集まった撃退士達が本日の行動を確認する中、銀縁眼鏡の奥で目を細めて黒井 明斗(
jb0525)はそう質問した。
真面目な彼の思考に合わせるように、他の撃退士達にも小首を傾げる者、喉を唸らせる者と居るかもしれない。
だが、こんな露骨な依頼文に全く誰も気付かないという訳でも無く、それは彼の純粋な思考を尊重した故の行動にも思える。
「仕事に関係無い注文も有る」という風な事を祖父から聞いた覚えの有る黒羽 拓海(
jb7256)もその一人。
露骨さに何とも言えない気持ちになっている向坂 玲治(
ja6214)もそうであった。
しかし、仕事は仕事。天魔が被害を及ぼしているのも事実。ならばきっちりとやり遂げるのみだ。
「依頼は今後に関わる……ちゃんとやっとくか」
二人の内心を代弁するかのように、明斗の質問から様々な過程を飛ばして薄氷 帝(
jc1947)はそう呟いた。
依頼人との合流予定である噴水広場では既に目的の護衛対象の姿がうかがえた。
薄めの青色ワンピースに茶髪のセミロング。
季節も季節ということで寒々しい印象を与えはしたが、こちら側にもウシャンカをすっぽりと被った雪室 チルル(
ja0220)の姿が有るのでその点はお相子と言ったところだろう。
それにその際立った服装から発見するのにそう時間は掛からなかった。
噴水越しに目が合った彼女は何処かぼんやりとしていた様にも見えたが、こちらを見つけた途端、その瞳に生気が宿って来たのがありありと見える。

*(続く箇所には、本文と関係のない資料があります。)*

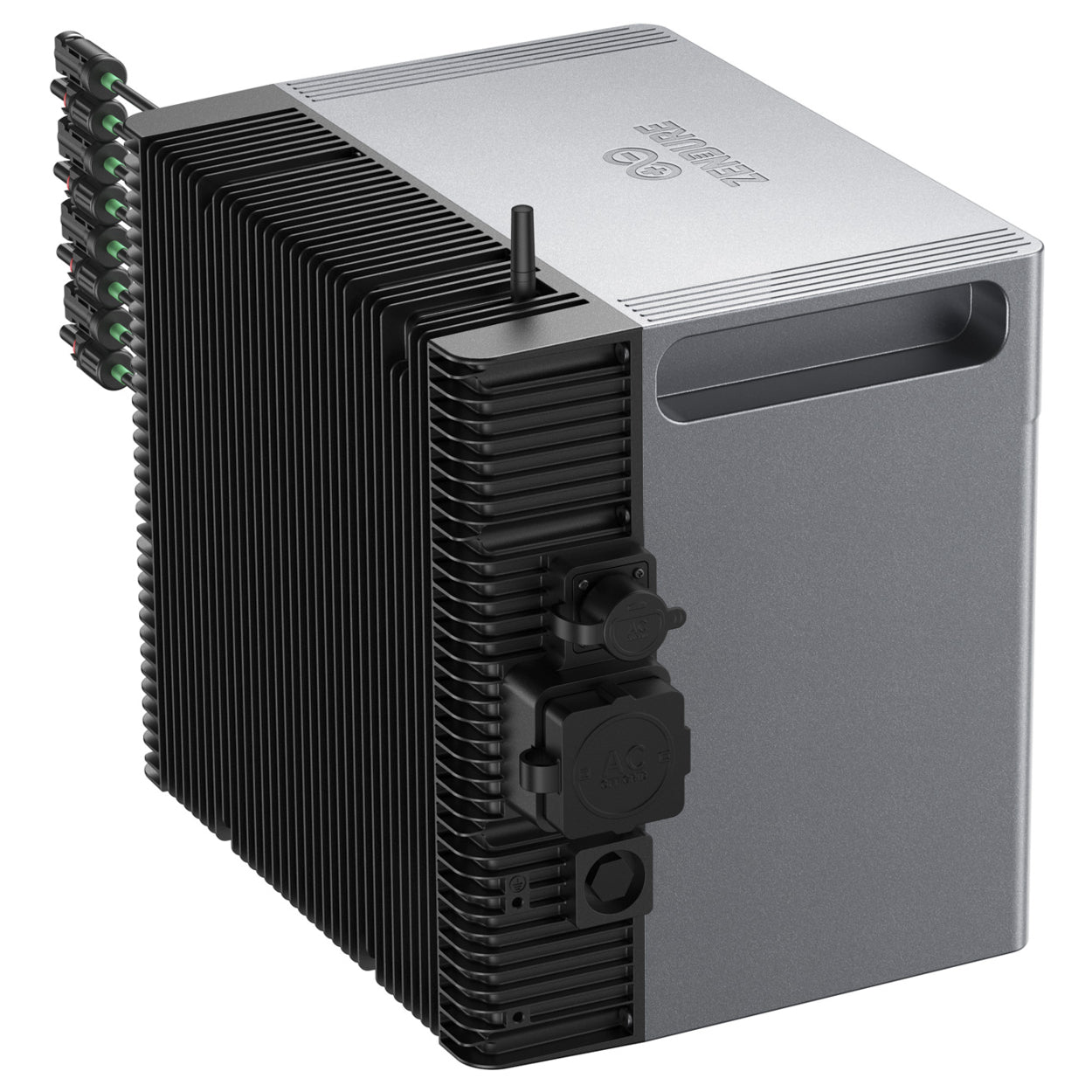 Zendure SolarFlow 2400 Pro Wechselrichter inkl. 2400Wh Akku 4 x MPPT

「こんにちは。比宮愛華さんですね? 本日護衛をさせて頂きます撃退士のユウと申します」
メンバーの戦闘に立ったユウ(
jb5639)がまずは一言。それに倣い、ジョン・ドゥ(
jb9083)から各自簡単に自己紹介を済ませる。
「来て下さって有難う御座います! 話には聞いてたんですが……本当に色んな方がいらっしゃるんですね」
とは、チルル、そして渋い外見をしたファーフナー(
jb7826)を見比べての事だろう。
見た目だけの年齢で言えば下が十代から上が五十代くらいまで。
しかし、問題は無い。何がと問うならストライクゾーンが。
「……愛華さん、大丈夫ですか?」
「え……あ、はい! 何でしょう?」
突然ユウに名を呼ばれ、慌てて愛華が返事を返す。
それに対し、ユウは一呼吸置いてから丁寧に繰り返した。
「本日の護衛任務の方針です。基本的に私達は天魔を排除する隊と愛華さんを御守りする隊に別れて隣町まで移動します。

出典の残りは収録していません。